What would you suggest as starting points for your recently awakened person to get started learning about the "state of now" for major show technologies - lighting, sound, rigging, mechanical controls?

_(I mean aside from joining this forum, of course?)_


----------



## jayvee (Mar 22, 2018)

Martin T. Focazio said:


> ...and woke up in 2017.
> 
> Back in 1994, you worked as a Stage Manager, Technical Director, Lighting Designer, Sound Technician and so on. Backstage was where you lived and worked.
> 
> ...


"This here is called a Source Four and it is the BUSINESS"


----------



## Amiers (Mar 22, 2018)

YouTube. 

The internet is more than dial up and dsl. Whatever you have on paper is now digital. 
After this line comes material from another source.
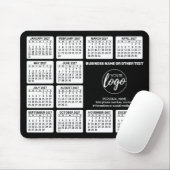 2024 Kalender mit Logo, Kontaktinformationen Schwa Mousepad (Mit Mouse)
Asking google for anything is a great start. Besides rigging you will find a decent amount of useable knowledge. 

Take a class or two on computers and what they can do. 

Read up on the .orgs ETCP ESTA USITT LDI NAM. 

Go to your local theatre , club, mega church , convention center and ask questions. 

Get on a local list as an overhire and watch, work and relearn. 


Apply what you know and add to what you don’t.


----------



## Martin T. Focazio (Mar 22, 2018)

jayvee said:


> "This here is called a Source Four and it is the BUSINESS"


OMG. It's a magic lamp! Priced like a cheap car! 
But seriously, thanks. Great start. Read up on LED tech, RGBAW, etc. Neat stuff.


----------



## Martin T. Focazio (Mar 22, 2018)

Amiers said:


> Go to your local theatre , club, mega church , convention center and ask questions.



Thanks for the list. It's very helpful.


----------



## Van (Mar 22, 2018)

"Well, this here is Shinola...."


----------



## lwinters630 (Mar 26, 2018)

I would hand them a smart phone, loaded with theater apps. Without moving an inch, they light up the entire theater lights, streaking at the touch of a button.
with full sound pouring out of that small smart phone in their hand and into the house system. A touch of an app an they mixed the full show in seconds.
One more touch brings an overwhelming LED wall to life, with depth of motion that captivates their entire emotions.
Glancing down to that little device in their hand, they fall down, inundated from what seems unbelievable, back into the coma......


----------



## RickR (Mar 26, 2018)

Major lighting steps

Source 4, it's not just another ellips
LEDs, built in dimmers, scrollers are dead, running DMX to everything
Consoles are far smarter, forget the DMX address chart and patch panels, a whole fixture is a channel

Pixel mapping will blow your mind
Video

LED video is real, and everywhere

Projection mapping is hot
Everything runs on ethernet!

I'll let someone else chime in on sound.


----------



## JonCarter (Mar 26, 2018)

@Martin, 
Now imagine you went into your coma in 1965 . . .[/USER]


----------



## RickR (Mar 27, 2018)

I nearly did this. I left the 'biz' in 1988 burned out on no money and not even getting any artistic jollies stuck in what I called 'musical comedy land'. 

In roughly 2004 my kids were in a high school musical. I asked a guy where I was buying some gel "So what's changed in the last 15 years?"

I missed DMX, Source 4, HID, and movers becoming common.


----------



## TimMc (Apr 1, 2018)

Martin T. Focazio said:


> OMG. It's a magic lamp! Priced like a cheap car!
> But seriously, thanks. Great start. Read up on LED tech, RGBAW, etc. Neat stuff.




A cheap car? I'm figuring out how few moving lights it takes to pay off my mortgage...

Welcome back to stage, Martin.

I think the de facto source for how to make things work is John Huntington's _Show Networks & Control Systems_ 2nd, Focal Press.

You can read lots of technology history - some of it is fascinating and full of the human stories (technical theatre is a small industry) - and lots of it is arcane and not terribly helpful until you need to interface something old with something new, borrowed or blue. Are your interests in what you missed or more to "how do I do X, Y, Z on contemporary equipment?"


----------



## ruinexplorer (Apr 3, 2018)

It's all digital.


----------